* [RECORDED DATA]
####

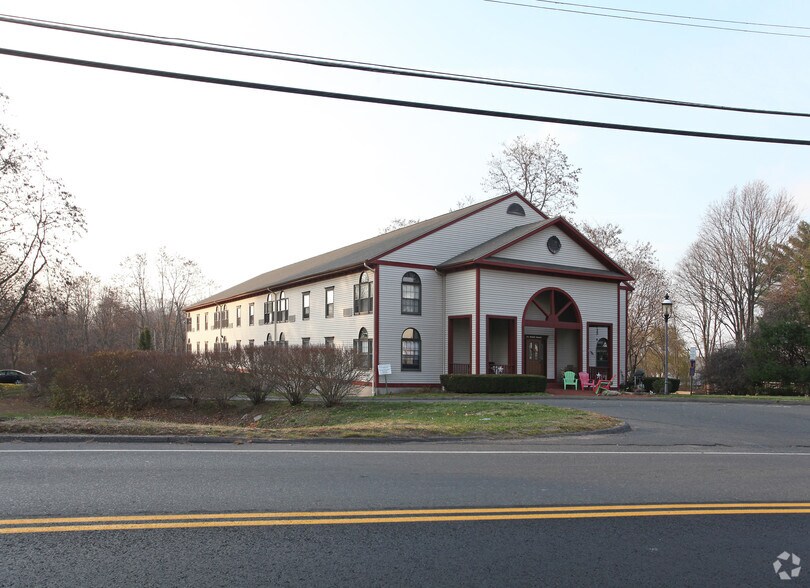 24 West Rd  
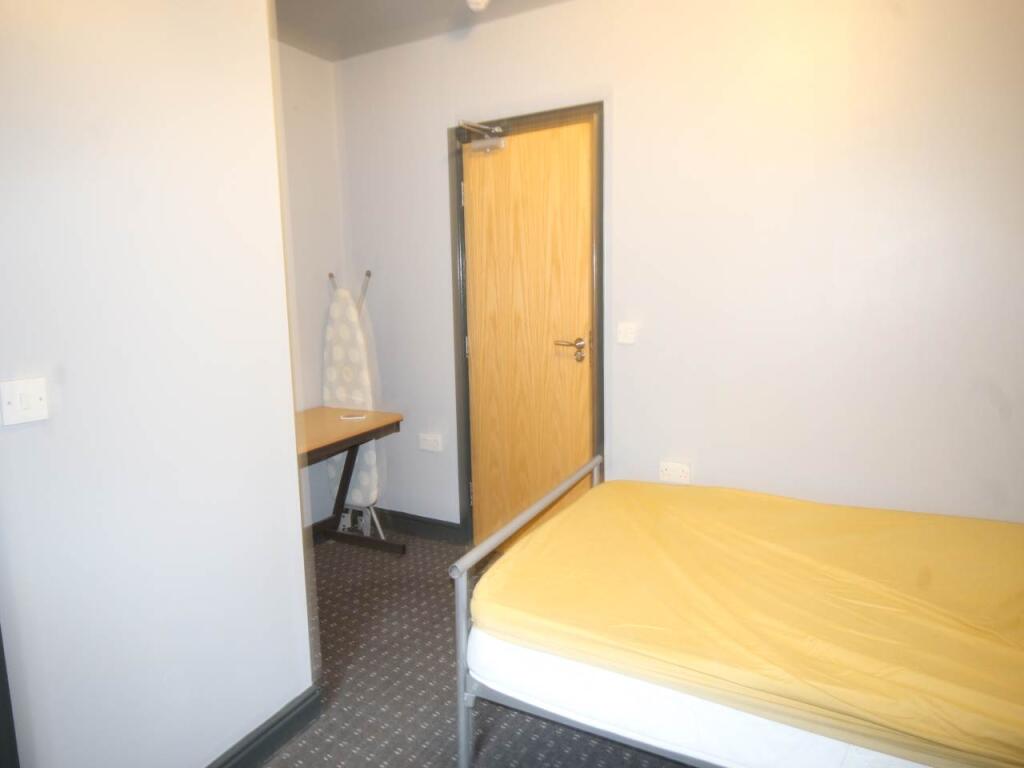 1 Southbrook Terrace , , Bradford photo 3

####

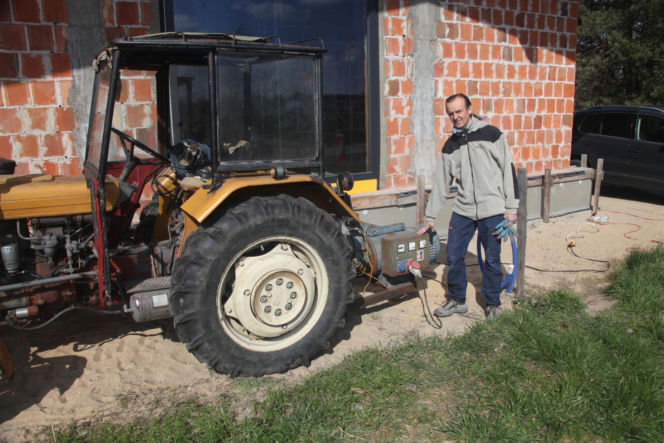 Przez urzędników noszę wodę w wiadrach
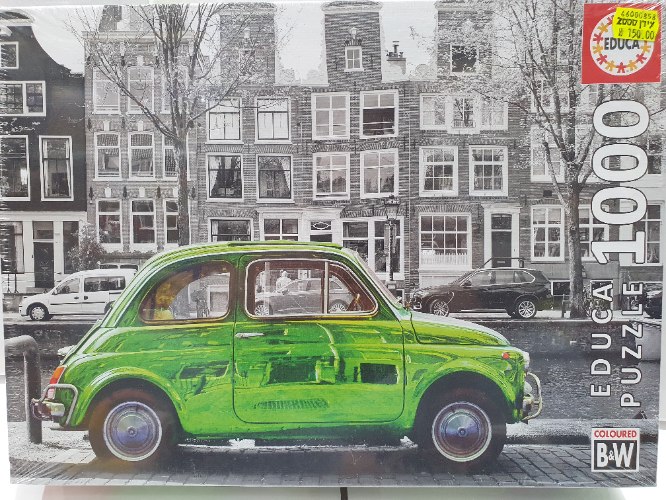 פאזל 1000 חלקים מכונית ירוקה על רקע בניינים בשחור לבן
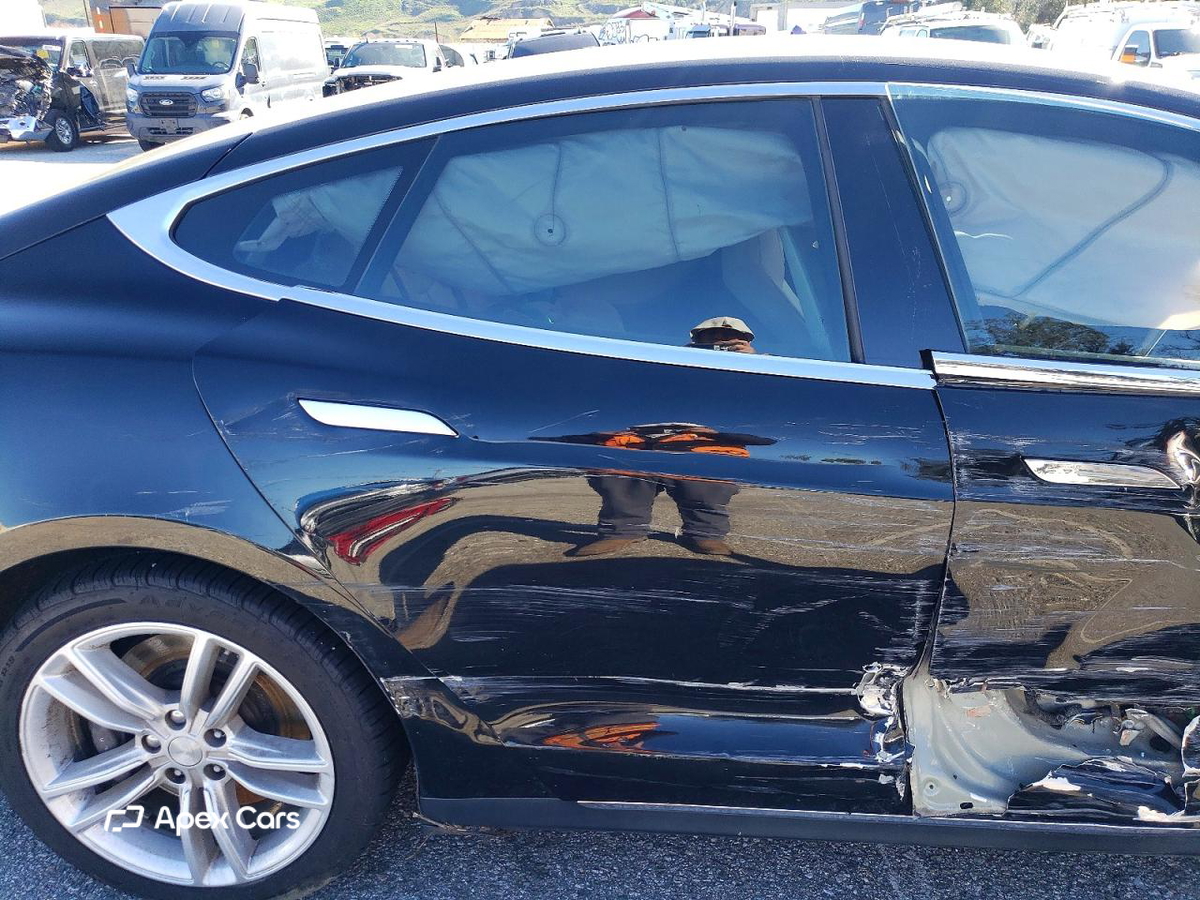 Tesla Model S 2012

####

* [INSTRUCTIONS FOR THE TASK] Above this task is a listing with pictures in it. Retype only the lines from the one containing "פאזל 1000 חלקים" through the one containing "Tesla Model S 2012", both included, and not the pictures.

* [SOLUTION FOR THIS EXERCISE]
 פאזל 1000 חלקים מכונית ירוקה על רקע בניינים בשחור לבן
 Tesla Model S 2012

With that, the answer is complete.